Gastronomy 101, a blog about food and Los Angeles restaurants

RESTAURANT: Ristorante "Al Caruggio," Monterosso al Mare, Italy

Upon our arrival in Cinque Terre, we first checked into our hotel, the Hotel Villa Steno, perched at the top of the hill in the old town of Monterosso al Mare. Each room had a lovely terasse overlooking the town and the ocean.

After a little rest , J. and I went to explore our village. We walked through the main street of the old town, stopping for an espresso, and then out past the beach to the dock, and then back and through a tunnel to the new town. We took a stroll down the oceanfront street in the new town and found Cinque Terre's cinema. It was an open air theater where "Codigo Da Vinci" was playing. We were delighted to find that in Europe, Audrey Tatou's face is plastered all over the poster and her name is slathered across the top in giant letters. Then, all small, down at the bottom ... "oh, Tom Hanks is in this too." Awesome.

We were immediately drawn in by a little foccacceria , where we had some olive foccacia bread and a drink while sitting outside and peoplewatching. Then we walked the rest of the way down the street and then came back. On the way back, we got stuck at the gelato stand , where I had to purchase a pistachio gelato.

After that, we made our way back to the hotel, where my parents informed us that the hotel staff had recommended the Ristorante Al Caruggio, which in English means "the restaurant in the alley," which is exactly what it was. They didn't have a table immediately ( a good sign! It was crowded) so we had to wander a bit before sitting down to eat. We quickly discovered the "Fast Bar" and had some Campari before heading back for our dinner.

At the restaurant, I decided to try the Ligurian specialty--trofie with pesto. Trofie is a rustic Ligurian pasta that most resembles a joint when uncooked, and most resembles a worm when cooked. Pesto was invented in this region and remains a local specialty. Everyone makes their own fresh so there is variation from place to place . This particular pesto was heavy on the basil and was my favorite out of the ones I had this trip.

J. and my dad shared the risotto al frutti di mare. My dad balked at first due to his "shellfish allergy" which apparently only applies to fish that are in actual shells (clams and mussels) and not those with hard carapaces (shrimp and lobster) and is not life-threatening, merely stomach-threatening. But he managed to down his meal anyway and I didn't hear of any ill effects.

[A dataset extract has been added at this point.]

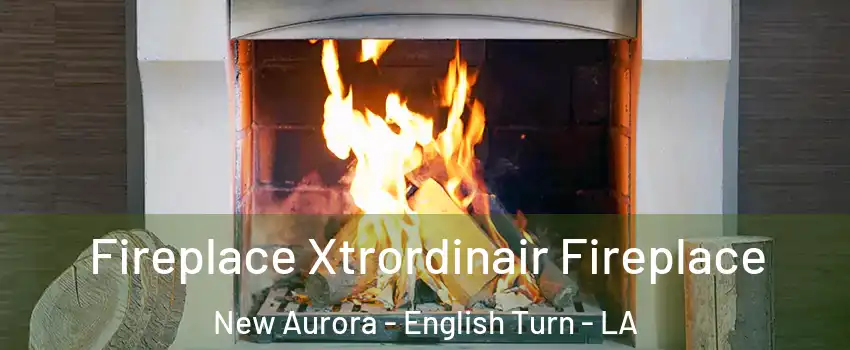 Fireplace Xtrordinair Fireplace New Aurora - English Turn - LA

My mom had a fish fresh caught from the Golfo dei Poeti and cooked by the local method, which meant in some kind of pot.

I think this was truly a "local" restaurant. It was probably the one place we are where I heard no language besides Italian (except at our table). All of the food was freshly prepared, simple and delicious.

After dinner we strolled down to the beach area where a band was playing, hung about for a bit and then finally gave in to the monster jet lag and had to go to bed.



My other friends just got back, and they have 600 pictures we will see when we visit them soon. As a slideshow! Do you have that many?

said by Anyanka at 6:44 PM Delete

No! We have 300 and something, but you will not have to look at all of them. The food ones will go on the blog and other than that we are selecting out an assortment of pictures and I'll do a slideshow on my computer.

said by KT at 7:13 PM Delete

Well, I think they went to Florence and Rome, too, and are both awesoem artists, so it makes sense that they wound have a few pictures of that...check out the LA Times' food section today if you haven't; some delicious summery recipies, like cucumber gazpacho and a bready pudding with seasonal fruit!

said by Anyanka at 7:15 PM Delete

I saw! By the way, we should do something ... assuming N. gets better. Maybe Friday? Or maybe we could just come over and hang all mellow-like?

said by KT at 7:17 PM Delete

Yes, or...not. Hopefully the new carpet won't be as allergenic...

About tomateos I know you have a thing, but...if you are going to try any (here anyway, rather than Italy) I would try some local heirloom tomatoes. They don't have that mealy texture, and they aren't red...maybe your body/mind wouldn't even recognize them as tomatoes? This heirloom tomato salad your husband and I had once at Angeli was just soooo good, it seems a shame for you to not try it. And you know those tomatoes were local...

said by Anyanka at 9:54 PM Delete

Hmmm ... we'll see. Maybe a bite of someone else's sometime.

Did you read the story about the people who dropped everything and moved to Big Sur to start a bakery? Jealous!